I am having issues with load balancing UDP Syslog to my Graylog cluster nodes. At first everything seemed to work normal but it seems that traffic is flowing for 99% to one of the two nodes.
I have two Ubuntu servers (18.04) running Keepalived 1.3.9. They share the virtual IP that is shared via VRRP. They are using NAT to forward the traffic to the real servers based on round robin.
global_defs {
notification_email {
redacted@mail
}
notification_email_from severname-redacted
smtp_server mailsever.redacted
smtp_connect_timeout 30
router_id servername
}
vrrp_instance VI_1 {
state MASTER
interface ens160
virtual_router_id 216
priority 200
advert_int 1
preempt_delay 30
virtual_ipaddress {
10.18.242.216
}
notify /usr/local/bin/vrrp_state.sh
}
virtual_server 10.18.242.216 10514 {
delay_loop 2
protocol UDP
lb_algo rr # round robin
lb_kind NAT # NAT
real_server 10.18.242.214 10514 {
weight 1
HTTP_GET {
url {
path "/api/system/lbstatus"
status_code 200
}
connect_timeout 3
connect_port 9000
}
}
real_server 10.18.242.213 10514 {
weight 1
HTTP_GET {
url {
path "/api/system/lbstatus"
status_code 200
}
connect_timeout 3
connect_port 9000
}
}
}
The secondary load balancer is using the same configuration, except the priority which is 100.

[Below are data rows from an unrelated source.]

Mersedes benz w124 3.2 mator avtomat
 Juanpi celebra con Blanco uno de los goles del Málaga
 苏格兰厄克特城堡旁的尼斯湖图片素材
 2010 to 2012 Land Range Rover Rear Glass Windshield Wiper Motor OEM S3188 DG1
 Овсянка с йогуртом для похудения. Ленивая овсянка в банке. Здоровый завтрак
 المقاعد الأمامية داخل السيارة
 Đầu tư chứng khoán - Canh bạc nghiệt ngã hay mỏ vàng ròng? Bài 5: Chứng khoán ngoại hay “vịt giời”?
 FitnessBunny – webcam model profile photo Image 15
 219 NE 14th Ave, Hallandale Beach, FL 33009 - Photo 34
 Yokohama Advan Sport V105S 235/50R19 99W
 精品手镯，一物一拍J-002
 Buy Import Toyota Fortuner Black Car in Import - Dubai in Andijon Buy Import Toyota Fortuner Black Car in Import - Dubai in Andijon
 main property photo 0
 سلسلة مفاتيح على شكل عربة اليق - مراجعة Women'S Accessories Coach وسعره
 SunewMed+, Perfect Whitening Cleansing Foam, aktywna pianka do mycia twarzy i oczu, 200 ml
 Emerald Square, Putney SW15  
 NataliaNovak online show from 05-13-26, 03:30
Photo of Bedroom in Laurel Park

Failover between the load balancers is working as expected, but they both seem to forward the traffic only to the first Graylog node:
oot@redacted-lb1:~# ipvsadm -L -n --rate
IP Virtual Server version 1.2.1 (size=4096)
Prot LocalAddress:Port CPS InPPS OutPPS InBPS OutBPS
-> RemoteAddress:Port
UDP 10.18.242.216:10514 0 57 0 16581 0
-> 10.18.242.213:10514 0 67 0 19666 0
-> 10.18.242.214:10514 0 0 0 0 0
As you can see there is no traffic to the secondary Graylog node, even though the weight is equal and we use round robin. Some troubleshooting that did not work:
- Removing the first node from the load balancers, you see the traffic still arriving on the LB but it is not forwarded to the Graylog node
- Changing the weight doesn't seem to have an effect
- Rebooting all servers
- Doing all of the same tests on the secondary LB by shutting down LB1.
The Graylog nodes are both working fine and are almost identical in configuration. You can send the syslog to both of them directly so they do not seem to be the problem.